Il n’y a rien du tout ! À ma petite échelle, je veux donner un support au monde amateur pour qu’on puisse avoir un bilan de l’activité du gardien de but dans un match. On cherche une image complète et précise de son match. Ça existe pour tous les joueurs de champ, pas pour les gardiens de but.

Le gardien est un poste à part, sous le feu des projecteurs, où la moindre erreur peut coûter la victoire. Une telle plateforme peut-elle permettre de mieux évaluer sa prestation globale ?

C’est encore plus le cas dans le football de jeunes car c’est plus simple pour un éducateur de remettre la faute sur le seul gardien. Pourquoi dire « Qu’est-ce que t’as fait sur ce corner ? », plutôt qu’analyser la tactique globale sur les coups de pied arrêtés ? C’est comme dire : « Tout ce qui est dans la surface, c’est pour toi. » On a vu ça où ? C’est la hauteur et la trajectoire qui diront à qui le ballon doit arriver. Grâce aux données, on va savoir s’il y a vraiment une erreur de jugement ou non.  

(Source : lequipe.fr)

Ça peut pousser les clubs professionnels à utiliser l’application ?

Je ne pense pas parce qu’il y a beaucoup de travail avec l’analyse vidéo. Les statistiques qui sont beaucoup utilisées sont celles sur le jeu offensif ou les datas sur les conditions physiques. 

Comment, en 2023 où tout est chiffré, il ne peut pas y avoir plus de recherche sur ce poste ?
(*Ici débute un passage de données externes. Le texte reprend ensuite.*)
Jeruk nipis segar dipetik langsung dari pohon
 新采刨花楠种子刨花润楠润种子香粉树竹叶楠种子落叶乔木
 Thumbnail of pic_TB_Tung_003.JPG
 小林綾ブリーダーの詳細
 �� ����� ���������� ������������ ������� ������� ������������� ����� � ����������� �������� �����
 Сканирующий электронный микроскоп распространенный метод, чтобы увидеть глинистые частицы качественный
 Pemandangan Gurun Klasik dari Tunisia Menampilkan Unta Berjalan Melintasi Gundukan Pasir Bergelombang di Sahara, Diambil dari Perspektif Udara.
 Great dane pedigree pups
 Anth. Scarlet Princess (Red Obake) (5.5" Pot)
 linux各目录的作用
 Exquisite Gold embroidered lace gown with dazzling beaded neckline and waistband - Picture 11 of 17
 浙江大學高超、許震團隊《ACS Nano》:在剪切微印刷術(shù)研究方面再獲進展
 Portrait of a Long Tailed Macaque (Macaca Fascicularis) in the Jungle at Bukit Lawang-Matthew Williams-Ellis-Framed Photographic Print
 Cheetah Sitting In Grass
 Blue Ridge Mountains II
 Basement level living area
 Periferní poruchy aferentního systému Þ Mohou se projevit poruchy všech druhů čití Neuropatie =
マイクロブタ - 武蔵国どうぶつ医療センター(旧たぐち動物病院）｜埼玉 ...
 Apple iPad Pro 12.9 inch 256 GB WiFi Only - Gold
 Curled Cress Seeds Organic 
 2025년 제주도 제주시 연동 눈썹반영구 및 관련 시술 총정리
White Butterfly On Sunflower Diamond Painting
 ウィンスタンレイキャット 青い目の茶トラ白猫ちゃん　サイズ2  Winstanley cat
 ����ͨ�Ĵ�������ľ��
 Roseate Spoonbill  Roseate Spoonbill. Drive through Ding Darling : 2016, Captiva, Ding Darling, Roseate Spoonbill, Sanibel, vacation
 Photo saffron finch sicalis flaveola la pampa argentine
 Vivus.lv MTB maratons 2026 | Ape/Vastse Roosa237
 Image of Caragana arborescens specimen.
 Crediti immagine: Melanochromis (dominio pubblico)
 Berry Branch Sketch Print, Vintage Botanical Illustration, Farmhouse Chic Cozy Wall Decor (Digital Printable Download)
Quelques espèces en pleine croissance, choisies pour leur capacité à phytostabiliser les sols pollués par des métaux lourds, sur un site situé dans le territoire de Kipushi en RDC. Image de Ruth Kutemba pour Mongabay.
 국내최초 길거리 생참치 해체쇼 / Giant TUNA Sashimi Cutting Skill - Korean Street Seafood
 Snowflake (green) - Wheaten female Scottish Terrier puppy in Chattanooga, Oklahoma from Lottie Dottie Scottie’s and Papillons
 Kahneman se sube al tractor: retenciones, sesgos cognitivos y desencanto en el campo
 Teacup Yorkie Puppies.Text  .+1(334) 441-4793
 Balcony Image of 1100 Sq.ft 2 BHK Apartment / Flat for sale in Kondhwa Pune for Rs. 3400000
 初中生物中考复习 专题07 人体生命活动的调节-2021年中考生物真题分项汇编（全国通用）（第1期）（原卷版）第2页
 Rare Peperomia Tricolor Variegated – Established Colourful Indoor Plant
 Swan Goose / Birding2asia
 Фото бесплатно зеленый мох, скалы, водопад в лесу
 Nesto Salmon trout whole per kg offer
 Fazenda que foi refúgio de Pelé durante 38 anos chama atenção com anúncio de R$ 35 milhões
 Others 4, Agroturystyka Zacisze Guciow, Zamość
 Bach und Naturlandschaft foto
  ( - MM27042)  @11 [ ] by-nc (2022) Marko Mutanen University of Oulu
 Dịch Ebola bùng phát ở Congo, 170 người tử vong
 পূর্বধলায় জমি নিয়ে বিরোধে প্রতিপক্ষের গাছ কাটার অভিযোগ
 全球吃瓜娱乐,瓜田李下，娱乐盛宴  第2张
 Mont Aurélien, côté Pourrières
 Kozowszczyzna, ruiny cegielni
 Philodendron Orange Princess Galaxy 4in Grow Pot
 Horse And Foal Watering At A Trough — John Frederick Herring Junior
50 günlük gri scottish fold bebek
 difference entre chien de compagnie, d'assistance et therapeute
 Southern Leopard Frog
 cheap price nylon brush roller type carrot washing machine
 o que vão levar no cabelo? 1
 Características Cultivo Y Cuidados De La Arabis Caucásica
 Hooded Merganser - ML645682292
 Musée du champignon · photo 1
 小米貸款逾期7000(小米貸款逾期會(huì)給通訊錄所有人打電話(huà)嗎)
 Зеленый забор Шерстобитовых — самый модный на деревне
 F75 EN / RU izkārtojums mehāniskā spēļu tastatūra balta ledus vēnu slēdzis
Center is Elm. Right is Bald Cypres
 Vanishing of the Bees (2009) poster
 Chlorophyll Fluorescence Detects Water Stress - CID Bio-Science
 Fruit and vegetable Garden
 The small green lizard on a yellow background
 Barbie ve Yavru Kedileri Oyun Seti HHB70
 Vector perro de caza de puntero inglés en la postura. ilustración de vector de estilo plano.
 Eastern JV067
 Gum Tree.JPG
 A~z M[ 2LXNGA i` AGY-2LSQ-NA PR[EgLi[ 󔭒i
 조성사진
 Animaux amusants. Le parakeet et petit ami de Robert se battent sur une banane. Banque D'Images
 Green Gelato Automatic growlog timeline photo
Le développement tactique du gardien de but, au niveau défensif, n’est absolument pas travaillé. En France, il n’y a aucune philosophie défensive autour du gardien de but. À l’entraînement, on ne travaille pas selon des actions de jeu. On travaille sur la réactivité ou l’explosivité, comme il y a 50 ans. Pourtant, des hommes comme Pep Guardiola ou Marcelo Bielsa ont fait évoluer le jeu en le mettant au cœur de la réflexion. Le gros problèmes des gardiens de but, c’est qu’il n’y a pas de culture tactique.

Ça peut arriver ?

C’est mon objectif, c’est l’une de mes priorités.